If you can't remember the big news that happened on this day three years ago, it's not really a surprise. A lot has happened since – and it suits those in power that our collective amnesia about this major event remains intact.
Let me jog your memory: it was on 15 September 2008 that 4,500 Lehman Brothers staff in Canary Wharf, and tens of thousands more around the world, were told they had lost their jobs. The American investment bank filed for bankruptcy after losing billions of dollars on risky investments in so-called sub-prime mortgages – loans to people on low incomes or with poor credit histories who, surprise surprise, were then unable to repay them.
The collapse of Lehman's marked the start of what many economists regard as the worst global financial crisis since the Great Depression of the 1930s. Apparently rock-solid financial institutions collapsed, stock markets around the world plunged and national governments found themselves bailing out banks in a desperate effort to keep them afloat.
There was a period of public outrage. Bank chiefs had cause to worry, temporarily, about hostile media coverage. There was political hand-ringing. And then the newspapers moved on to other stories and somehow we bought the new government's line that it was the swollen state and those pesky benefit scroungers that brought our economy to its knees and not the greedy and irresponsible behaviour of the financial sector.
So where are we now? The cost of living is soaring ever higher; 2.5 million people are unemployed. Meanwhile, in the City, it's business as usual. Bonuses, which for a while were about as seemly as karaoke at a funeral, are back. A whopping £14bn was paid out in City bonuses last year – up from £12billion in 2008 – and a study this week revealed that those at the top are awarding themselves above inflation pay rises. Not much contrition from a sector that still owes us taxpayers more than £450billion in bail-out money.

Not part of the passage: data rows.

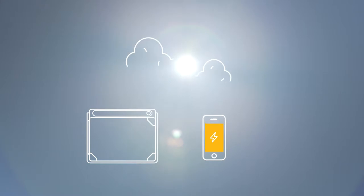Never miss a drop of sun with Auto Reconnect, which re-engages charging after cloudy skies pass through.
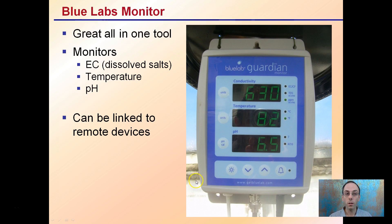The BlueLab Guardian Monitor is a great all-in-one tool. You can monitor the EC, which is the dissolved solids, in this case in parts per million. You can also monitor the temperature in Fahrenheit or Celsius, and also the pH. There are options to link it to remote devices, so you don't even have to be present to watch it. This is a standalone unit in the image here.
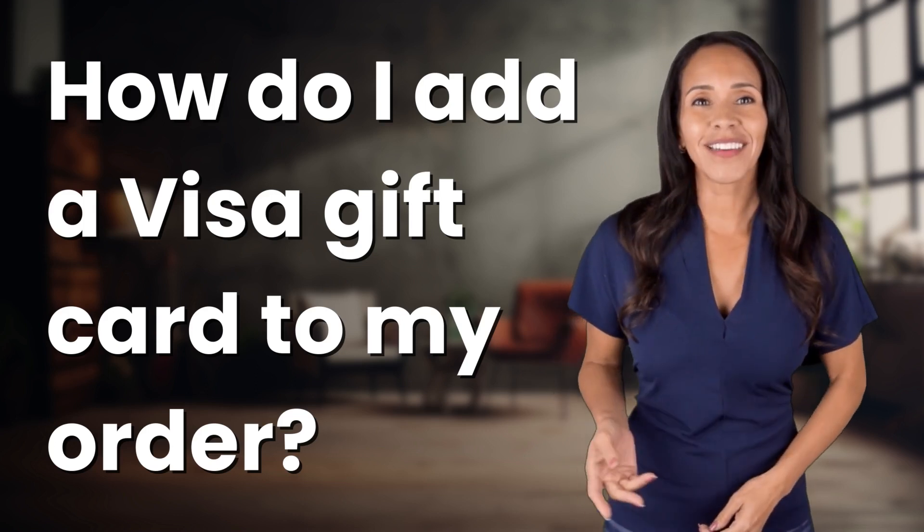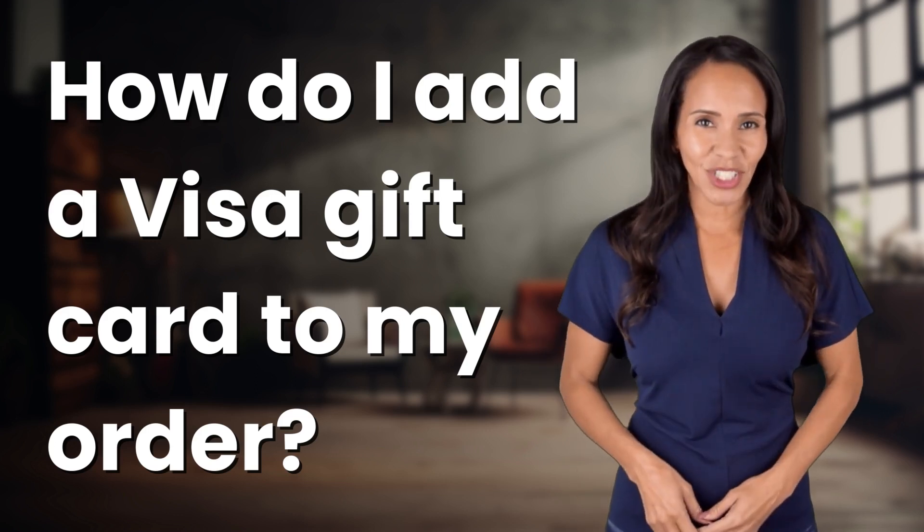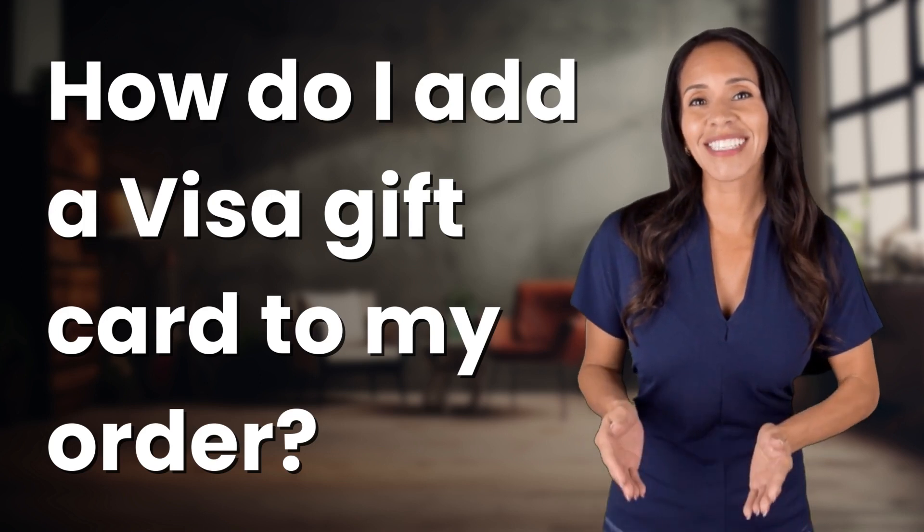Ready to explore and reveal? Dive into today's question and uncover the answers together.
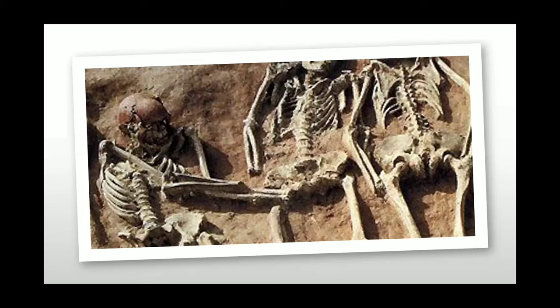Before the Qin dynasty, it was said that noblemen and kings would bury their servants alive with them as a sort of human sacrifice. As time went on, this became taboo and was looked down upon, and the idea of the terracotta army may be an alternative to human sacrifice.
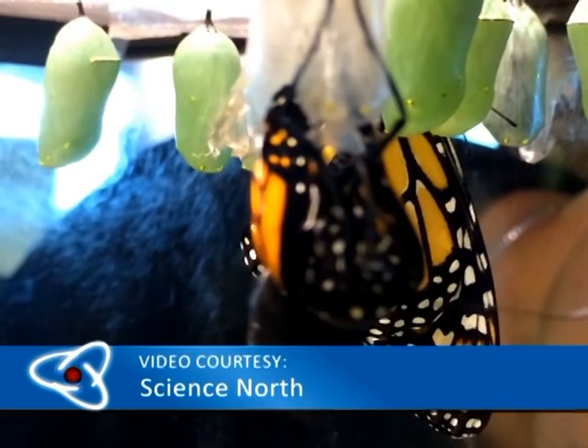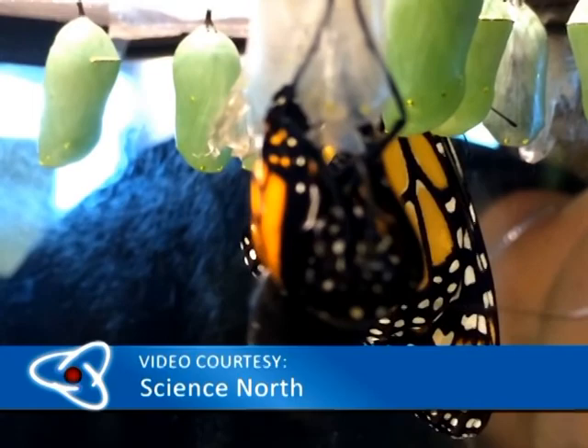Over the next 10 to 14 days the caterpillar will metamorphosize into the adult butterfly. Once the newly formed butterfly emerges from its chrysalis, it will begin pumping fluids from its abdomen into the veins of its wings, which causes them to expand. Next it must allow its wings to dry and exercise its flight muscles before it can take flight.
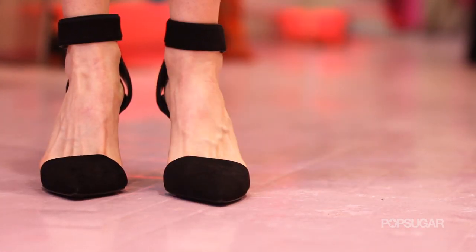Whether you wear heels every day or you just rock those pumps for a special occasion, it's important to take care of those ankles and feet. Today I'm going to show you some strengthening and stretching exercises to help you avoid injury so you can continue to rock your favorite pair of high heel shoes.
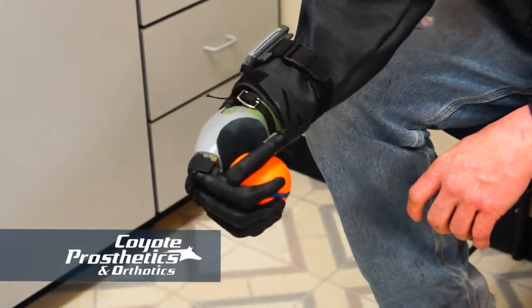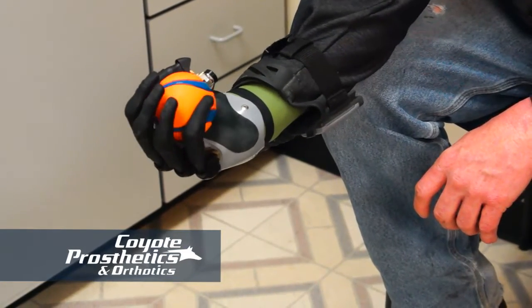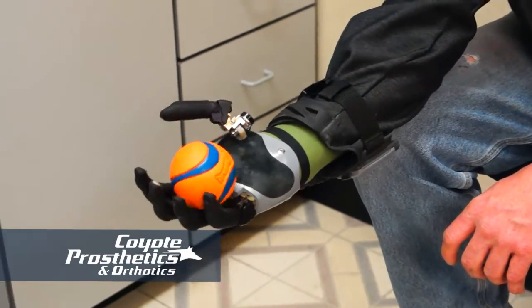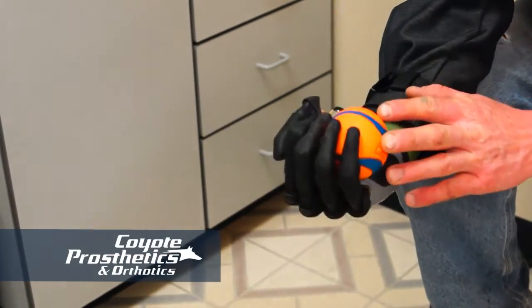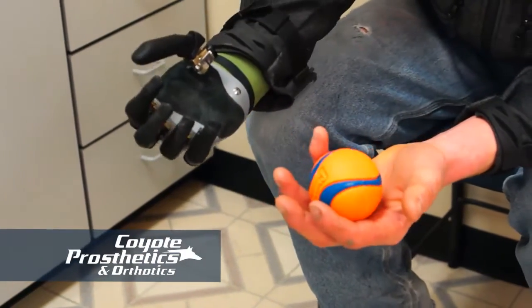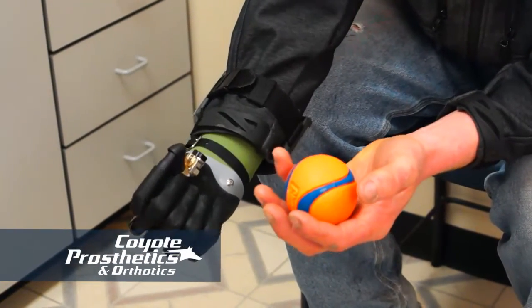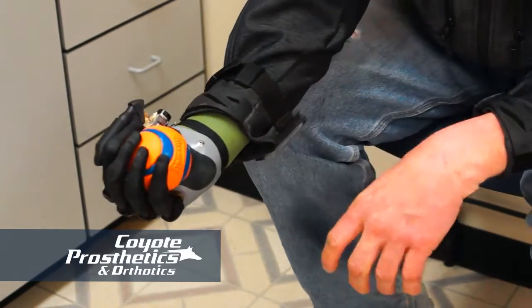I'm still learning what it's going to help me do. I could catch a ball with it, as long as it wasn't like a line drive or a fast pitch. I could probably toss a ball. I don't think I could — I wouldn't be able to pitch a ball or throw it a long distance with it. It would hold a kitchen knife.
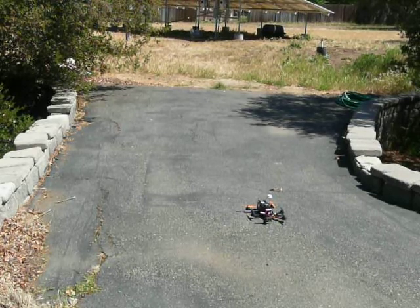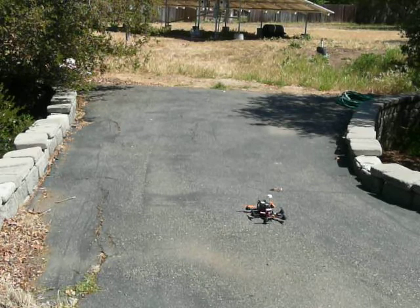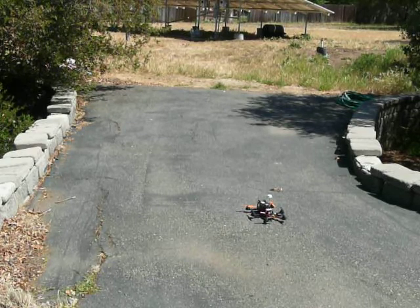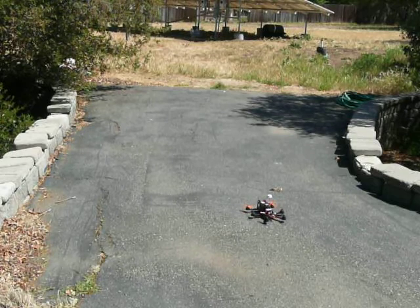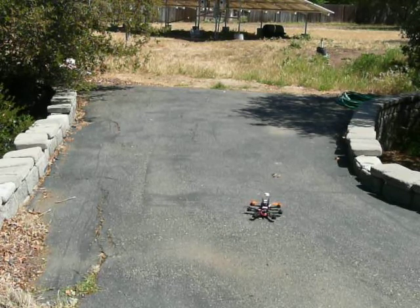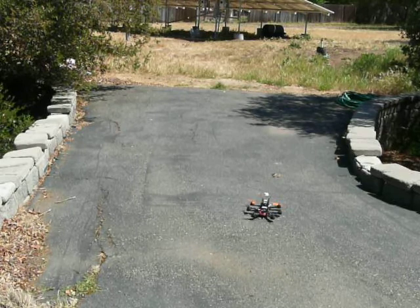Okay, here we go. The maiden flight of the Evo Hexcopter. Arming. A little bit of an imbalance there, I'd say.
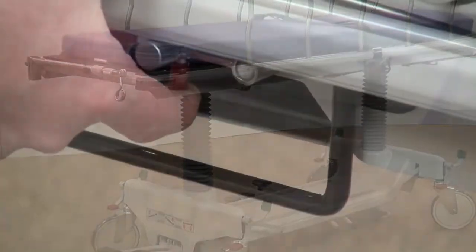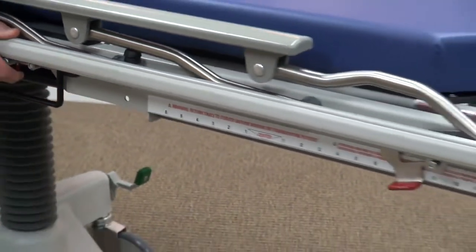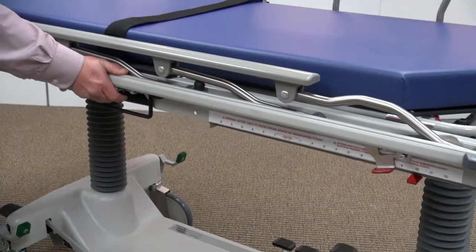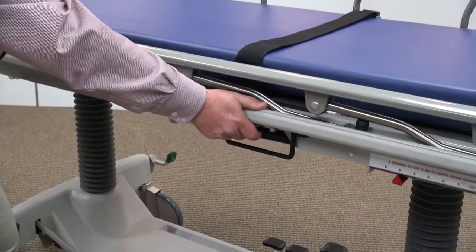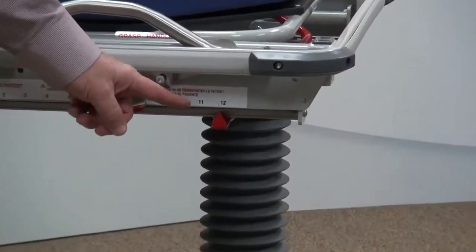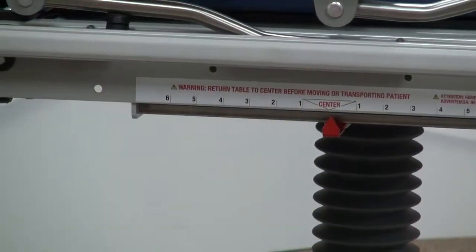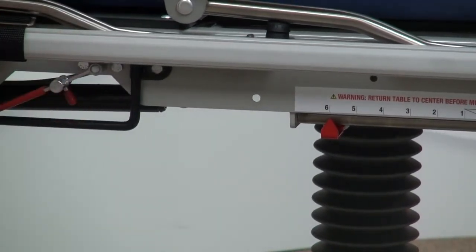This stretcher is designed with a full-length radiolucent translating top that is easy to operate, enabling a broad range of imaging capacity without repositioning the patient. The translating top has 18 inches of movement. By pulling on the red safety pin, you can engage the top to slide 12 inches towards the foot and 6 inches towards the head, reducing the need to move the patient or C-arm, thus enabling shorter procedure times.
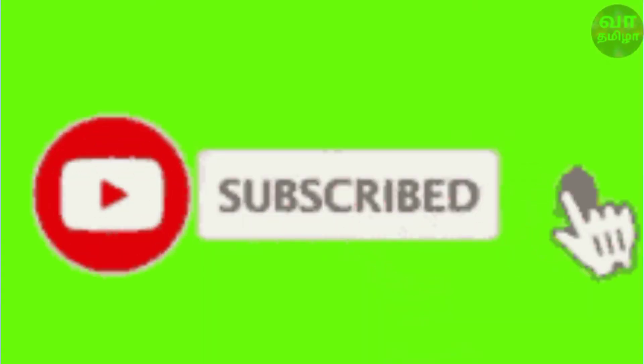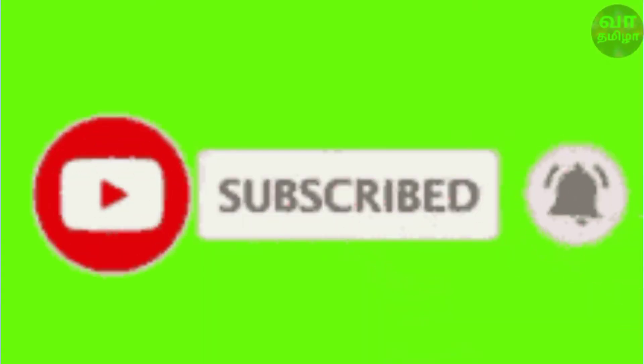Samsung Galaxy A31 — this is the video of Samsung Galaxy A31. Please subscribe to the channel and press the bell icon.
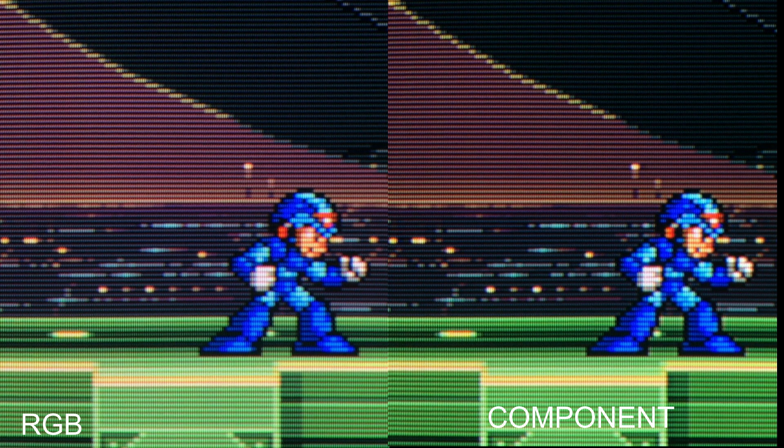I've seen other people do comparisons where they say the RGB looks sharper and the component looks brighter, or the RGB is dimmer and sharper — but that's because they have the contrast blasted. If you turn the contrast up high and zoom in super close with the camera where you can see all the details, you're going to make it look less sharp because there'll be blooming. Even with RGB on a pro monitor, you're going to get some blooming if your contrast is all the way up.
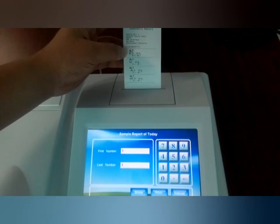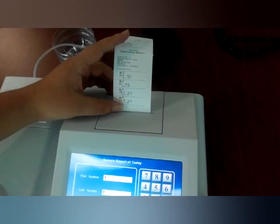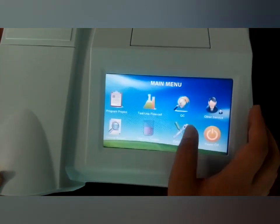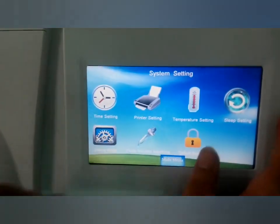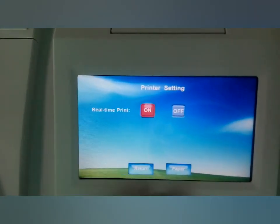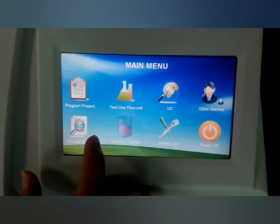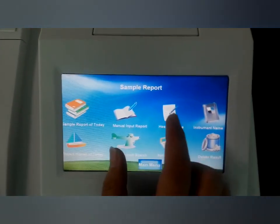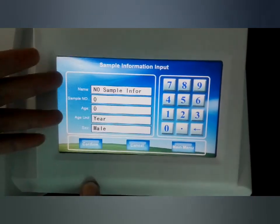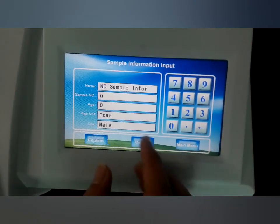If we want to get printed results, we can go to system service and printer settings — just choose 'on' and return to the main menu, and that will be okay. From the sample report, we can also put in the hospital name, patient name, sample number, age, and sex of the patient — it is all from here.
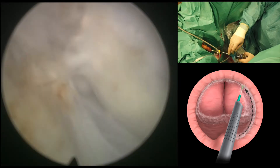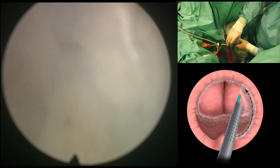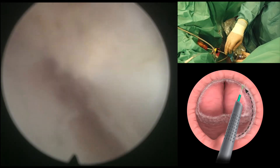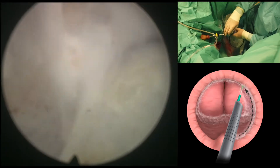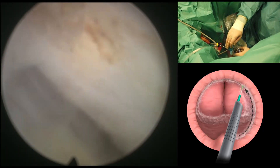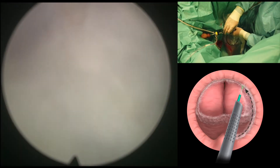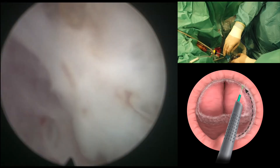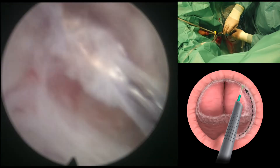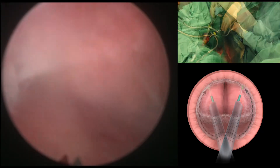It is a very nice advance in the technology of the consoles that provides excellent first-pass coagulation and excellent cutting properties, so it has enhanced the properties of the laser we use for HOLEP.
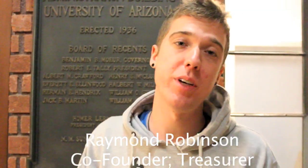Raymond, the treasurer, and I both founded the club. When we got back from our skate trip last semester — we had gone to California and skated from Santa Barbara down to Los Angeles — we decided that we really loved this and we really wanted to make it something that we could share with U of A. We host three events every semester.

Not one of the bosses who failed to stop their employees gambling with our money has paid any real price: no prison for them, only tidy pension pots and plum advisory jobs. Contrast that with the 170 children and young people now in custody for taking part in last month's riots – the majority of whom had no previous contact with the criminal justice system.
On Monday, the long-awaited report by the Independent Banking Commission recommended that banks should be forced to "ring-fence" their high street operations (those that deal with our current accounts, savings and mortgages) from their riskier investment activities (those dealing in shares, bonds and obscure financial products). This is a long way from the radical reforms that might have been expected: the break-up of the banks, for example, or significant restraints on pay and bonuses. Yet even these proposals were met with howls of protest from banking lobbyists. "Banks will move abroad!", they cried – the same threat always implied to oppose tax on high earners.
For its part, the government has officially welcomed the recommendations and promised to implement them. But not until, wait for it, 2019 – long after the next election. Talk about kicking them into the long grass. Forgive my cynicism, but I'll believe it when I see it.